Avoiding another Wirecard scandal? FCA’s new rules may prevent it

FCA's new rules to avoid Wirecard repeat
image credit: Vitaly Raduntsev/Shutterstock.com

The Financial Conduct Authority (FCA) introduced new rules on August 8 surrounding the protection of consumer money. 

Set to be introduced in May 2026, the FCA will mandate payment firms in the UK to keep customer money separate from business money in light of any potential future collapses or insolvency. 

Should a payment firm collapse, the rules will ensure consumer money can be securely returned. 

The financial regulator has also removed audit requirements for smaller businesses if they hold less than $134,000 (£100,000) in customer funds. 

In full, the new rules require UK payment companies to follow: 

  • Annual audits by qualified auditors
  • Monthly reporting for payment firms
  • Firms to conduct daily checks to make sure the right amount of money is being safeguarded to protect customers.
  • Better planning if firms fail so customers receive their money back sooner.

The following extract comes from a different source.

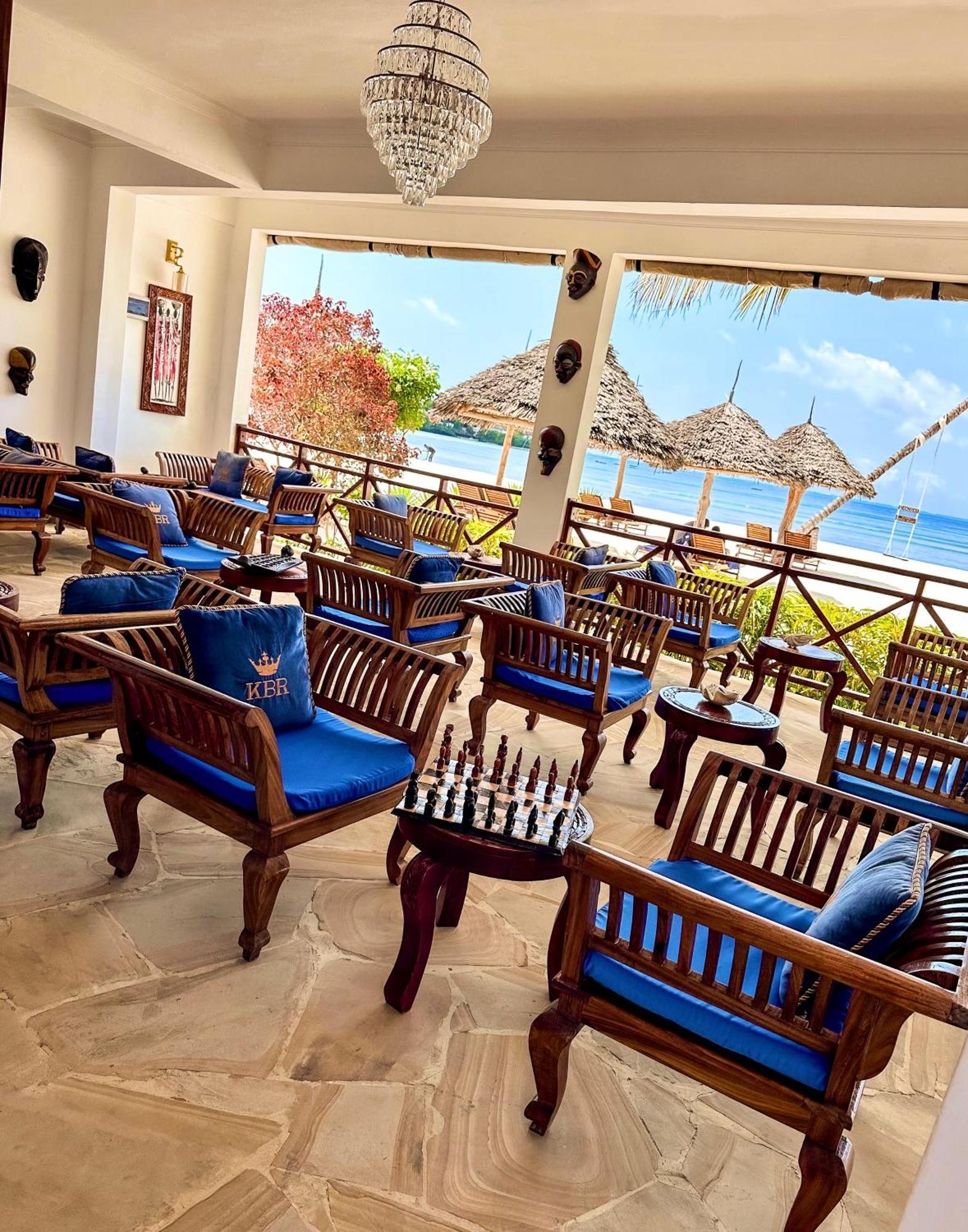 Karibu Beach Resort Понгве Экстерьер фото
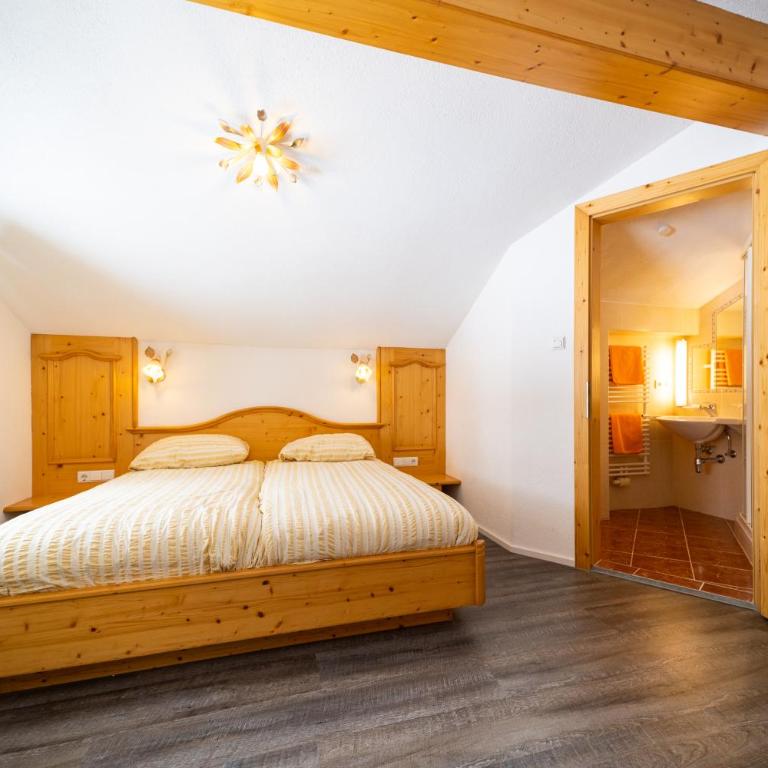 Haus Rosmarie - Doppelzimmer mit Balkon - 3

Companies will be given a nine month grace period to prepare for the new rules. The FCA will also investigate any payment company that has previously faced insolvency issues in the past. 

“People rely on payment firms to help manage their financial lives. But too often, when those firms fail, their customers are left out of pocket,” Matthew Long, Director of Payments and Digital Assets, FCA.

“Most of those who responded to our consultation agreed we need to raise standards to protect people’s money and build trust, but any changes needed to be proportionate, especially for smaller firms.

“We’ll be watching closely to see if firms seize the opportunity and make effective improvements that their customers rightly deserve – this will help us to determine whether any further tightening of rules is necessary.”

Ensuring customer peace of mind

When a company collapses, the process of returning money to consumers can take anywhere from days to years, and it is rarely straight forward. 

One of the most high-profile examples came in 2020, when Wirecard filed for insolvency after revelations of accounting fraud worth up to $1.9bn. The firm’s services underpinned accounts for consumers using Curve and Pockit,  as well as around 70 other UK-based payment companies. 

The FCA intervened and ultimately froze the accounts of Curve, Pockit and the affected firms to make sure consumer money was secure. 

With the financial regulator’s new rules coming in May 2026, the FCA is looking to ensure a process is in effect to not only ensure customer money is protected, but to give them peace of mind.